● **Exercise goal**
Transcribe every entry that follows exactly, omitting all pictures.

● **Records shown**
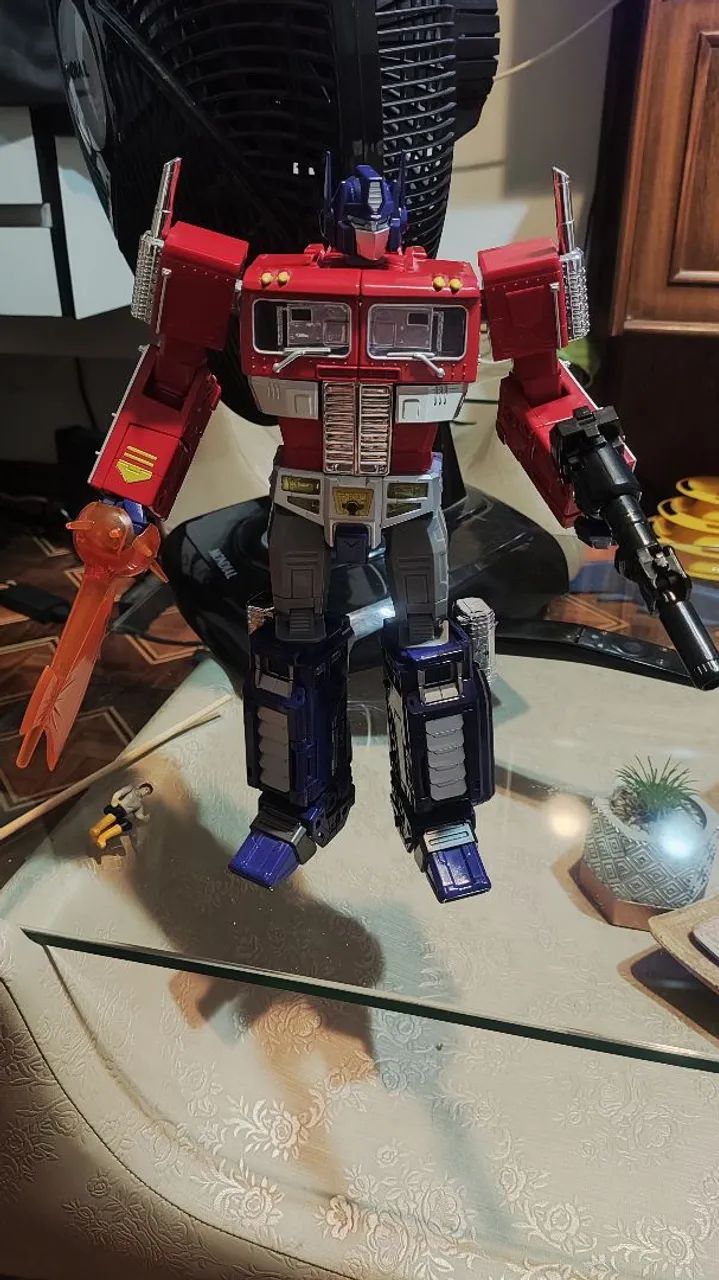 Transformers MP 10 KO Oversized Optimus Prime e MP 21 KO Oversized Bumblebee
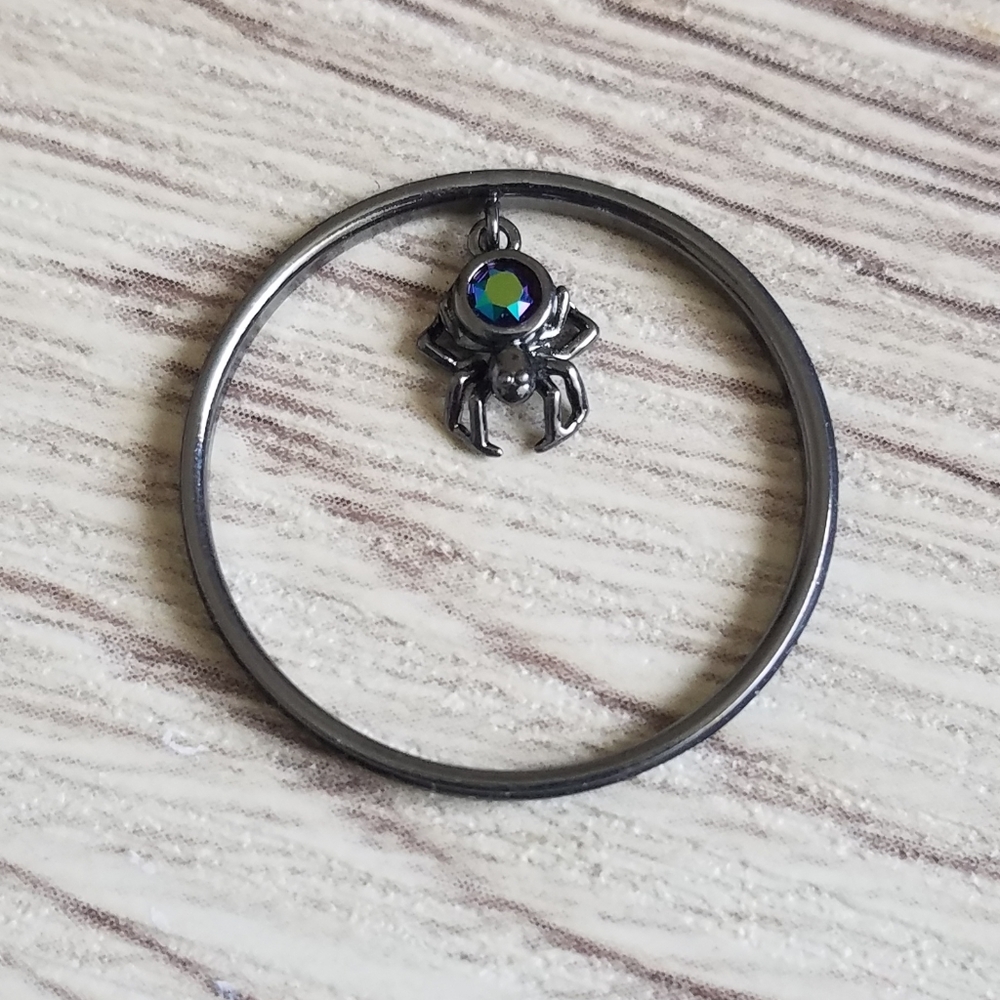 🦉Spider Locket Window - Picture 2 of 2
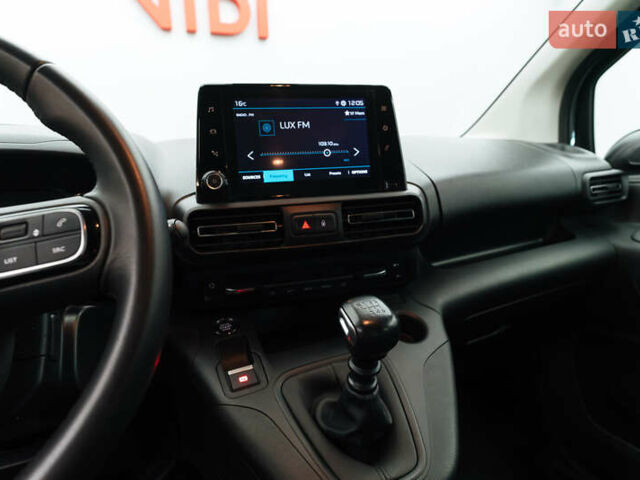 Сірий Сітроен Берлінго, об'ємом двигуна 1.5 л та пробігом 27 тис. км за 23589 $, фото 14 на Automoto.ua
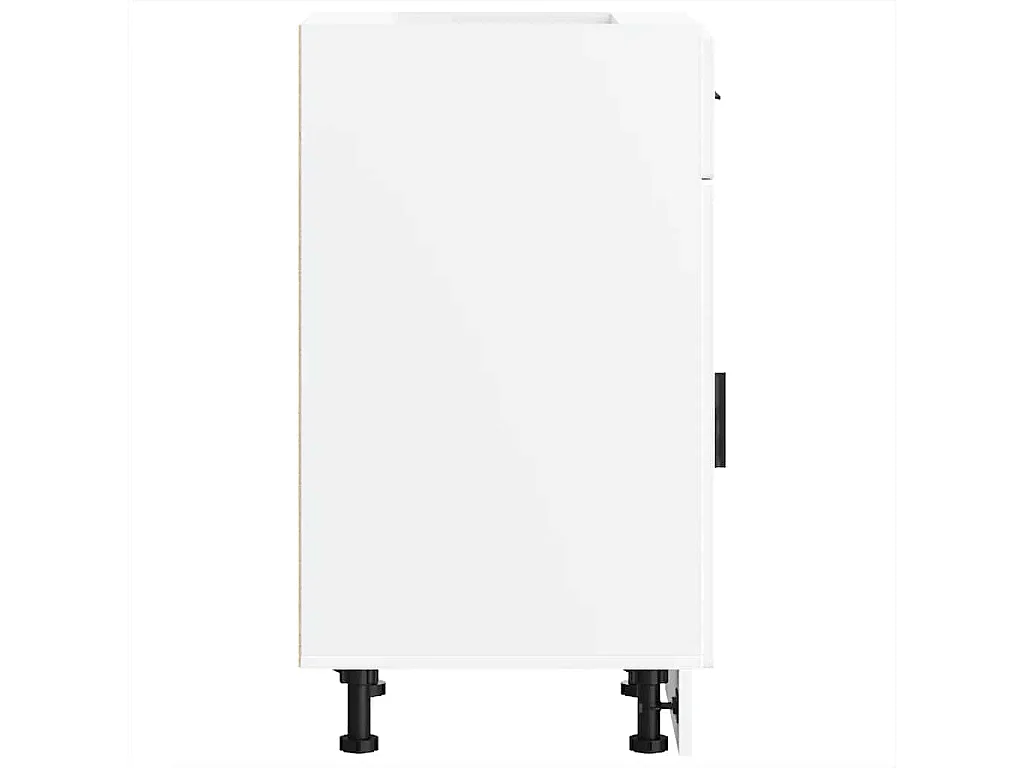 witte keukenkast van bewerkt hout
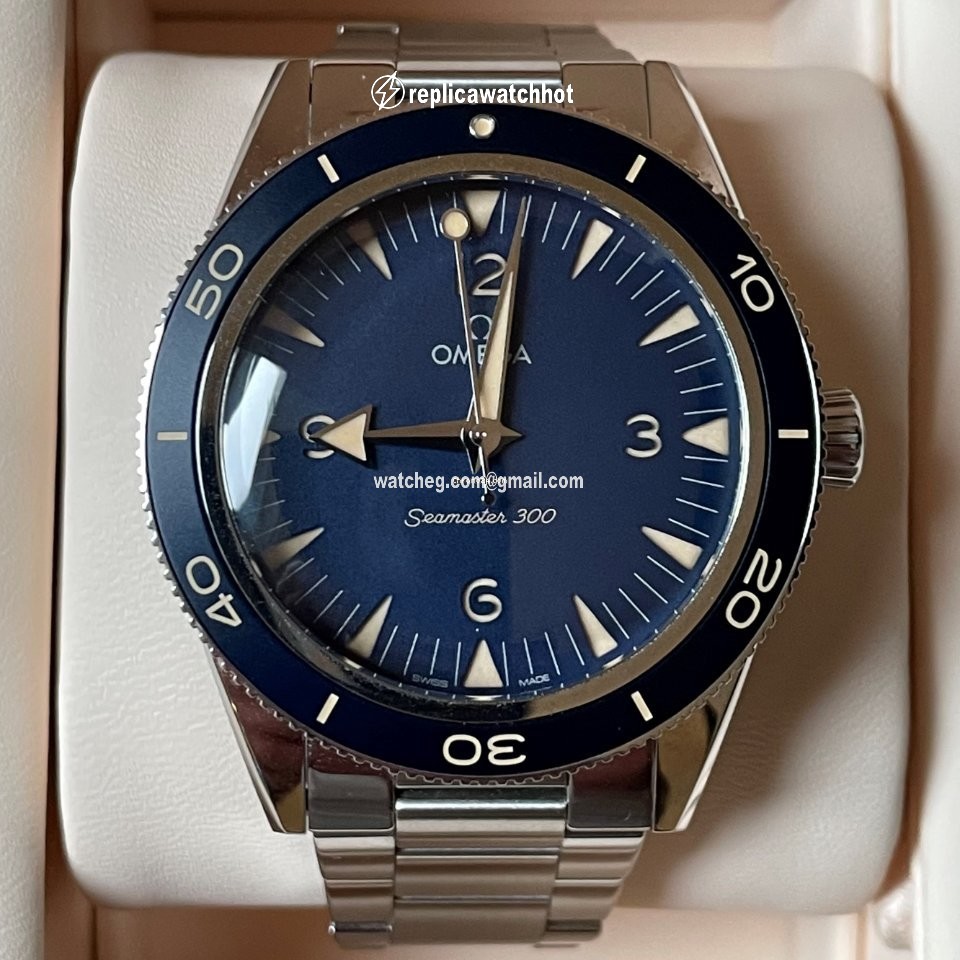 Omega Seamaster 300 Mens watch Unisex Automatic Steel 234.30.41.21.03.001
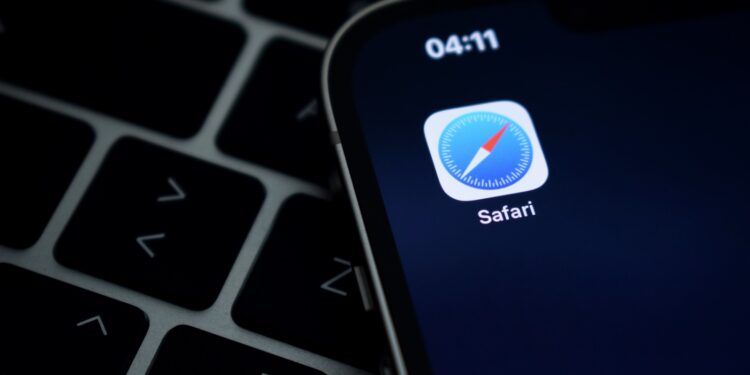 iOS 26 Safari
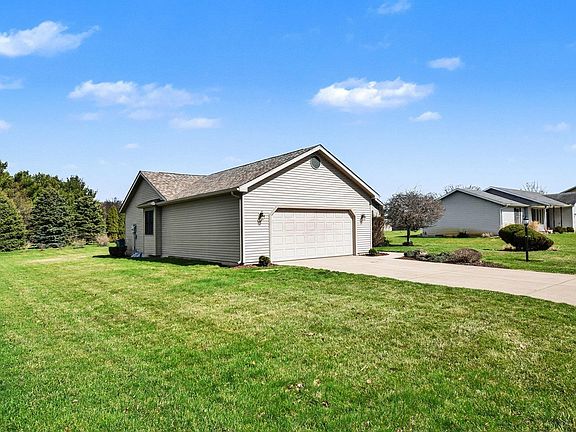 2nd image of 20981 Rivers Edge Dr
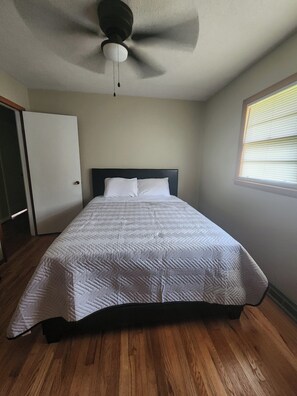 3 chambres, fer et planche à repasser, Wi-Fi, draps fournis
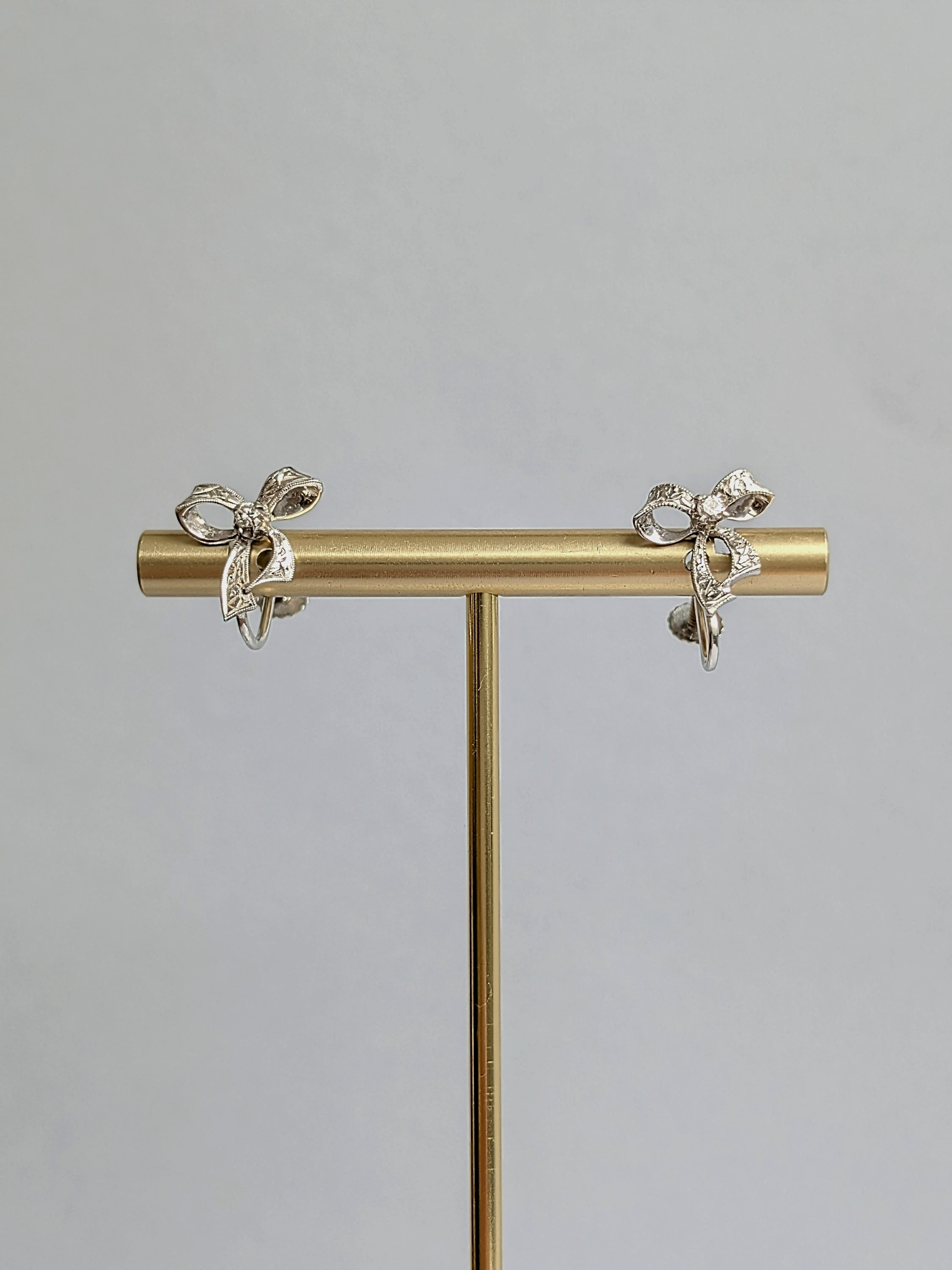 18ct White Gold Ribbon Earrings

● **Response to this task**
 Transformers MP 10 KO Oversized Optimus Prime e MP 21 KO Oversized Bumblebee
 🦉Spider Locket Window - Picture 2 of 2
 Сірий Сітроен Берлінго, об'ємом двигуна 1.5 л та пробігом 27 тис. км за 23589 $, фото 14 на Automoto.ua
 witte keukenkast van bewerkt hout
 Omega Seamaster 300 Mens watch Unisex Automatic Steel 234.30.41.21.03.001
 iOS 26 Safari
 2nd image of 20981 Rivers Edge Dr
 3 chambres, fer et planche à repasser, Wi-Fi, draps fournis
 18ct White Gold Ribbon Earrings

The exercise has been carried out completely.